Piccadilly - Eight Months Later

18th November, 2003: Posted by glpease in Tobacco

It was in March of 2003 that the Classic Collection was first introduced. The first four blends, Piccadilly, Kensington, Charing Cross and Blackpoint, were inspired by some of the wonderful tobaccos of London’s past. The blends were never intended to be paint-by-numbers copies of anything, living or dead, but rather were sort of impressionistic paintings of my own experiences with some of those great tobaccos of yesterday. Of the four, Piccadilly is the lightest, and possibly the most unusual. Its base of lovely, high-sugar bright and deep red Virginia leaf is peppered with a bit of perique, and enlivened with just enough Latakia to satisfy my own ceaseless craving for the smoky weed. That’s not to say that I can never get too much of the stuff. Some want to smoke it nearly straight, which deadens the senses too quickly, and makes for a very monotonous experience. That’s not for me. I do love Latakia, though, whether used as a delicate spice, or with a somewhat more assertive hand.

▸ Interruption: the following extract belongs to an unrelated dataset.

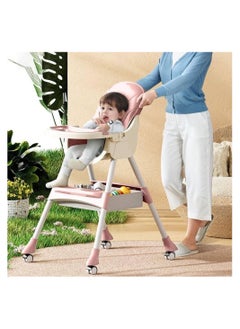 umbrella Umbrella 4-in-1 Convertible High Chair with Adjustable Height and Footrest, Toddler Feeding Booster Seat with Tray, Wheels, Seat Belt and Pillow 6 Months to 4 Years (pink)  - Image 4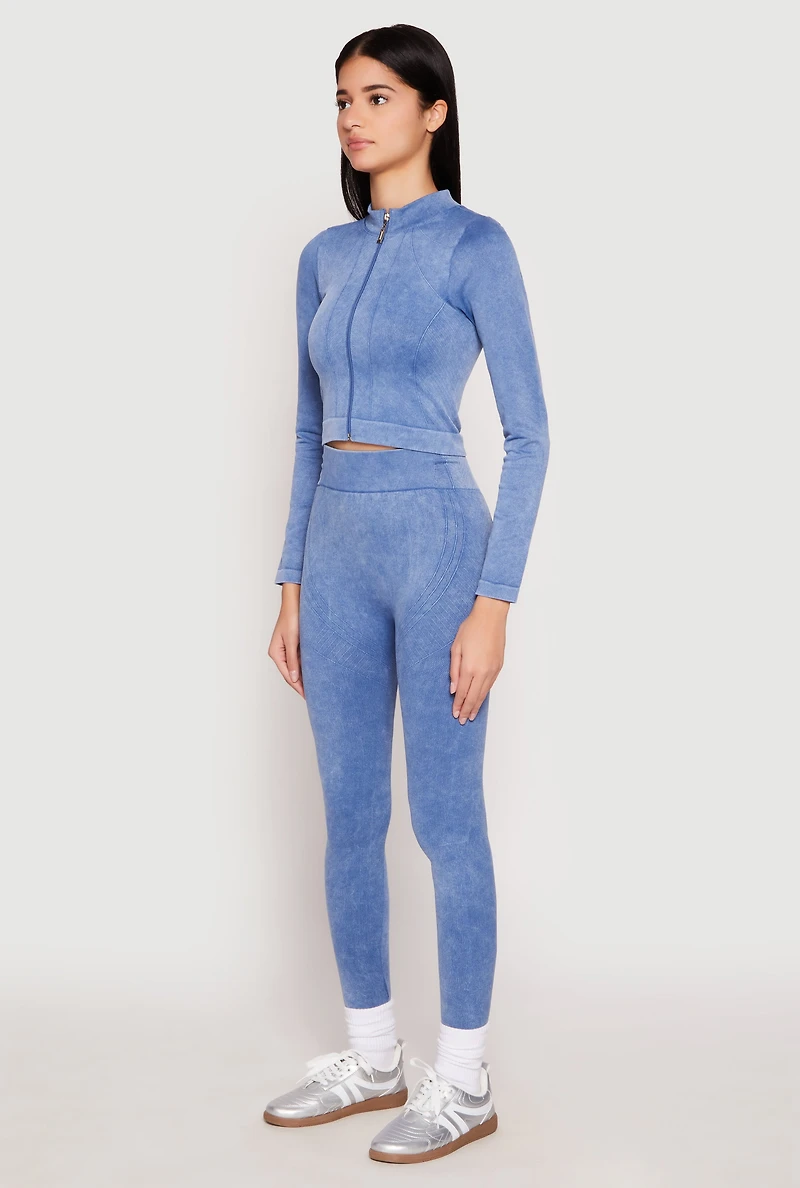 Womens Seamless Mineral Wash Track Jacket, Blue, Size M-L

Piccadilly lives in the more subtle realm, at least as far as the Latakia is concerned. It’s light enough for me to enjoy on warmer days, but still rich enough to share with a rainy night and a good book. Since originally creating the recipe for this one, I’ve taken quite a fancy to it, and probably smoke it more than any other at this point. Of course, as short-sleeve shirts get put away, and sweaters and jackets come out, fuller blends will find their way to my pipe more often, but fall has been mild in California, and there are still plenty of Piccadilly days left.

Mostly, I’ve been smoing it while quite young, almost freshly blended, never quite seeing fit to pop the top on one of the earliest tins. That changed today when I realized I still had a few of the original prototype tins on the shelf, dusty, hiding behind some other stuff. What the hell?

To say that the components of the blend had started to really come together would be slightly understating things. It’s just old enought that it;s difficult to figure out where one tobacco’s aroma stops and another’s starts. It’s not quite seamless, but the lines are blurred and indistinct, making the image even more impressionistic than my original mind’s nose idea of what I was after. Flinty notes, a steely scent from the Cyprian mountains, the grassy aromas from a walk in a dew covered meadow, dotted with chamomile and heather. Nice stuff.

In the smoke, too, the flavours have mingled. Initially, a blend is like a party of strangers. Everyone comes in, gets a drink, a little food, and wanders about, trying to figure out who to talk to, what to say. The more outgoing will dance and laugh, while the wallflowers will sit and observe for a while, waiting for someone else to introduce themselves. But, cooped up in that little tin for a few months, the blend becomes more like a breakfast club. All the tobaccos know each other pretty intimately. They share their secrets, tell their stories, and become friends. While each strand still will hold onto something of its own character, it gets more and more difficult to pick out the individual voices from the conversations. Each occasionally finishes another’s sentences, and they carry on effortlessly and with a smooth and easy grace.

After eight months, there are still a few strangers at the party, but everyone seems to be getting along well. No one is fighting for attention, telling bad jokes, or dancing with lampshades on their head. It’s become quite a friendly smoke - a nice party. Pulling that lid was the invitation, and I’m glad I accepted.